Rights relating to training data
Organisations creating machine learning models will need data to train those models, such as a retailer using a model to predict purchases based on previous consumer transactions. It may be difficult to identify individuals to whom the training data relates. However, that does not necessarily mean that the data is pseudonymised or anonymised, and so it must still be considered when responding to requests under the GDPR. Even if it lacks identifiers or contact details, it may still be possible to link it to a particular individual. An example might be if a customer provided a list of recent purchases, the organisation may be able to identify the training data relating to that individual.
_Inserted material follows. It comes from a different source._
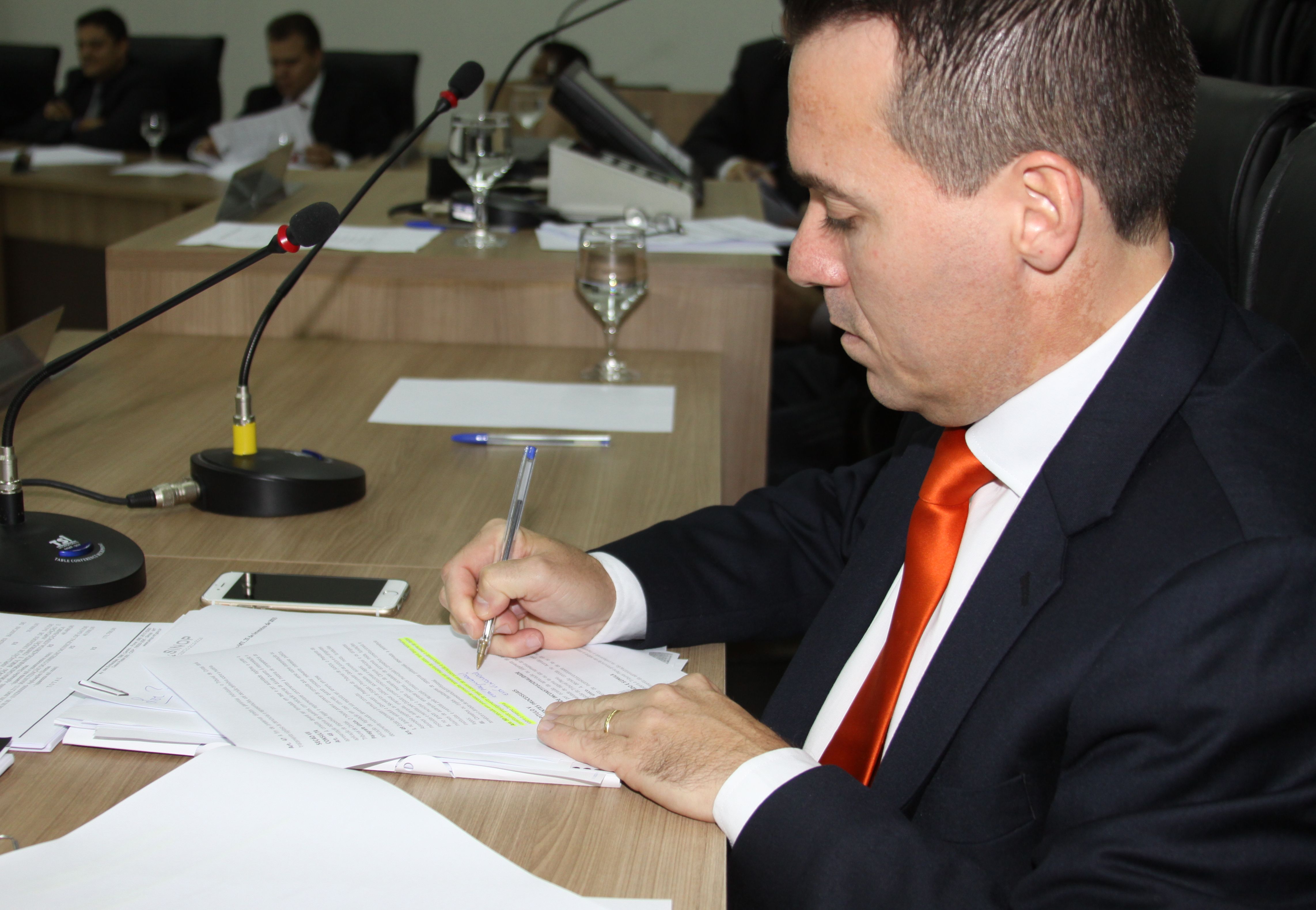 Brandão solicita implantação de redutores de velocidade e limpeza de boeiros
In such circumstances the organisation must respond to a data subject’s request, subject to ID checks, and there being no other applicable exceptions. If the organisation cannot identify the individual, it will not be able to fulfil a request.
The blog post points out that requests for access, rectification or erasure of training data should not be regarded as manifestly unfounded or excessive, either because they may be harder to fulfil or because the motivation for requesting them may be unclear compared with other access requests an organisation typically receives.
Right to rectification
The right to correct inaccurate data may also apply to training data. However, the purpose of training data is to train models based on general patterns in large datasets, so individual inaccuracies are less likely to have any direct effect on an individual data subject.
Right to erasure
Organisations may also receive requests to erase training data. Organisations must respond to requests for erasure, subject to no exemptions applying, and provided the data subject has appropriate grounds. For example, if the training data is no longer needed because the model has already been trained, the organisation must fulfil the request. However, in some cases, the system may still be being developed, and so the organisation may still need to use training data. The organisation will need to consider if it can fulfil erasure requests on a case by case basis.
Rights relating to personal data involved in AI systems during deployment
Often, the outputs of an AI system will be stored in an individual’s profile and used to take some action in relation to the individual concerned. If those outputs are personal data, they are subject to the rights of access, rectification, and erasure. Accuracy of data is key here, as using the wrong data to make decisions about an individual could adversely affect them, so rectification is the key right for organisations to prioritise.
Rights relating to the model itself
Personal data might also be contained in a model itself. This could happen by design or by accident.
Where a model contains data by design, if an individual’s request is for access to the data, an organisation may be able to fulfil that request without altering the model. However if an individual requests rectification or erasure of the data, the organisation may have to re-train the model (either with the rectified data, or without the erased data), or delete the model altogether.
It is possible for some models to ‘leak’ personal data by accident. In such cases, unauthorised parties may be able to recover elements of the training data or infer who was in it by analysing the way the model behaves. It may be difficult to fulfil rights of access, rectification, and erasure in these scenarios. Unless the data subject has evidence that their personal data could be inferred from the model, the organisation may not be able to confirm that the request has any basis.